La materia di Alleva

Le “Ultime corrispondenze dal villaggio” di Antonio Alleva per le belle edizioni de Il Ponte del Sale di Marco Munaro compongono un libro denso, vario, lieve. E però a suo modo violentissimo. La materia del pensiero poetante del bravo scrittore abruzzese si forma, oscillando tra un dialetto scheggiante e dolce e un italiano pulito e quieto, capace però di mescolarsi con lo spagnolo e i modi di dire di una contemporaneità caotica, sostando tra ricordi, visioni che riguardano i più prossimi. È una sorta di preparazione al viaggio. All’altrove. Si sta in una dimensione – che è propria di ogni buona poesia- che l‘autore chiama di un “altro Avvento” impiegando una espressione ricca di profonde e numerose risonanze. In questa dimensione – che nulla censura del vivente- lui sta come: “L’incantato della stella”, ovvero la statuetta un po’ inutile e appartata del presepe a cui si da tradizionale quel nome non avendo il personaggio nessuna caratteristica precisa – non è un fabbro, non un re maggio, non un passatempo quella statuina del presepe che fissa, incantato, il cielo. E che però, in questo caso, vede saltare il villaggio, vede cambiare di segno il luogo, vede che la scena sta mutando. In tal senso credo sia un libro anche violentissimo. Basta leggere una delle poesie più belle che ci sono dentro ( e tra le più belle che mi sia capitato leggere di recente) dedicata a Onna, paese terremotato.

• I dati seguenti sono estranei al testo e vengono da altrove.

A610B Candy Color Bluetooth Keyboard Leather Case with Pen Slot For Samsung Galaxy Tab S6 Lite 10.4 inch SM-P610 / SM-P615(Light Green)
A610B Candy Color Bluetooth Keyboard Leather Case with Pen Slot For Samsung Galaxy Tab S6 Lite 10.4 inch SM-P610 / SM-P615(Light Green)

Ho sempre ritenuto che il tempo sia la materia della poesia. Non solo come tema dei temi, messo a fuoco non a caso da quell’Agostino, santo e maestro di retorica che legava spinta amorosa e scrittura, ma anche come ritmo, movimento e relazione profonda e speciale con il farsi delle parole. Si tratta anche del tempo della loro storia, e fragilità e durata. In questa prova, Alleva che è poeta e lettore finissimo, sceglie la forma della missiva (che nella nostra poesia anche recente ha avuto precedenti e varie versioni, dalle notizie dalle ultime zone giurisdizionali di Caproni, “Franco cacciatore” dell’invisibile ai “Preparativi per la villeggiatura” di Pagnanelli fino a prove recenti di “Fratelli” di  Guido Garufi o di libri dialoganti con precise figure del villaggio o della casa, come il colloquio in “Beatitudini della malattia”, di Roberta Dapunt con la madre…La poesia come gesto in sé interroga il tempo nel suo disfarsi e rifarsi, della sua relazione con cose e volti, la sua doppia natura di illuminazione e velamento. Alleva mette queste cose ( e altre) nel suo libro, le fa vedere con scorci minimi e rapide vertigini di pensiero, tra i figli, le foto in casa, i poeti lontani e passati, le città ispaniche, le rabbie nazionali e antinazionali, gli sconforti. Ma mai cadendo nella retorica. Perché il villaggio di certo è stato importante ma altrettanto è stato stretto. E Alleva – che non a caso inizia con una dedica di rivelazione (ancora il rapporto tra tempo e nome) – sa che il nostro villaggio e “già” qui e “non ancora” qui. E sa che chi manda missive poetiche da questo luogo dove geografia e profezia, decadenza e svelamento, è appunto un “incantato” – parola che si può usare per dire di attitudine alla meraviglia oppure a quel che al mondo pare stupidità.